CA欠損と脳石灰化の関係は不明でしたが、CA IIが脳に存在し、CA阻害薬が髄液産生を減少させ、脳の電気活動に影響を及ぼすことが知られていました。
CA IIは、脳と腎臓の両方に発現するCAの一つで、赤血球にも発現しています。これにより、Slyらは患者の赤血球内のCA IIを研究することができました。
この研究結果は、破骨細胞機能と骨吸収におけるCA IIの役割を示唆しています。
この疾患におけるRTAは、軽度の近位型と顕著な遠位型のハイブリッドであるとされています。CA IIは腎臓で唯一の細胞質アイソザイムです。
赤血球CA I(114800)は遠位型RTAでは正常であることが確認されています。
この研究は、CAの異常がどのようにしてRTAや骨代謝異常を引き起こすかについての理解を深めるのに役立っています。また、これらの知見は、CA IIの機能障害に関連する病態の解明に貢献しています。
分子遺伝学
●ミスセンス変異H107Yの同定
Ventaら(1990、1991)は、ベルギーの血縁家族に由来する骨ペトロシスと腎尿細管性アシドーシス患者のCA2遺伝子塩基配列を決定し、ミスセンス変異H107Y(611492.0004)のホモ接合性を同定しました。
●H107Y変異とスプライス部位変異の複合ヘテロ接合体の発見
Rothら(1992)は、アメリカの家系におけるCA2欠損症の分子基盤を解析し、罹患した3姉妹が母方からのH107Y変異と父方からのスプライス部位変異(611492.0005)の複合ヘテロ接合体であることを発見しました。彼らは、H107Y変異体酵素の残存活性が比較的軽度の表現型をもたらしている可能性を示唆しました。
●アラビア変異の報告
Huら(1992)は、炭酸脱水酵素欠乏症の39症例のうち72%が北アフリカおよび中東の患者であることを指摘し、6つのアラブ系血統のメンバーがCA2遺伝子のスプライス部位変異(611492.0006)を有していることを発見しました。
●日本人患者におけるY40X変異の発見
荒巻ら(1993)は、23歳の日本人女性(血統Aの「患者1」)において、CA2遺伝子のエクソン2にTATからTAGへの転座によるY40X変異を発見しました。
日本人患者におけるH107Y変異の報告
曽田ら(1996)は、荒巻ら(1993)が以前に報告した血縁関係のない日本人患者2人にH107Y変異を同定しました。
●新規変異の同定
Huら(1997)は、骨異栄養症と精神発達障害または発達遅滞を有する患者において、CA2遺伝子に7つの新規変異を同定しました。
●トルコの血統における遠位型RTAと大理石骨病の報告
Borthwickら(2003)は、遠位型RTAと骨大理石骨病を有するトルコの2血統について報告しました。

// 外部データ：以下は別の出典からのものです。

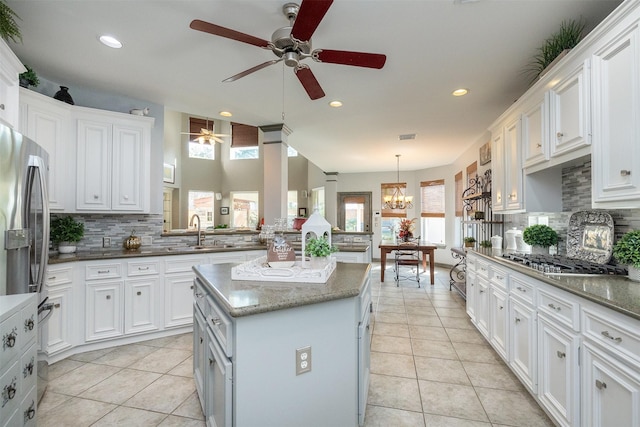 kitchen with stainless steel appliances, light tile patterned flooring, and white cabinets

彼らは、1血族の罹患者にCA2遺伝子のフレームシフト変異(611492.0008)のホモ接合性を同定しました。
これらの研究は、炭酸脱水酵素II欠損症の遺伝的多様性を示しており、特定の変異が特定の人口集団においてより一般的であることを示唆しています。また、これらの変異がもたらす臨床的表現型の理解にも大きく貢献しています。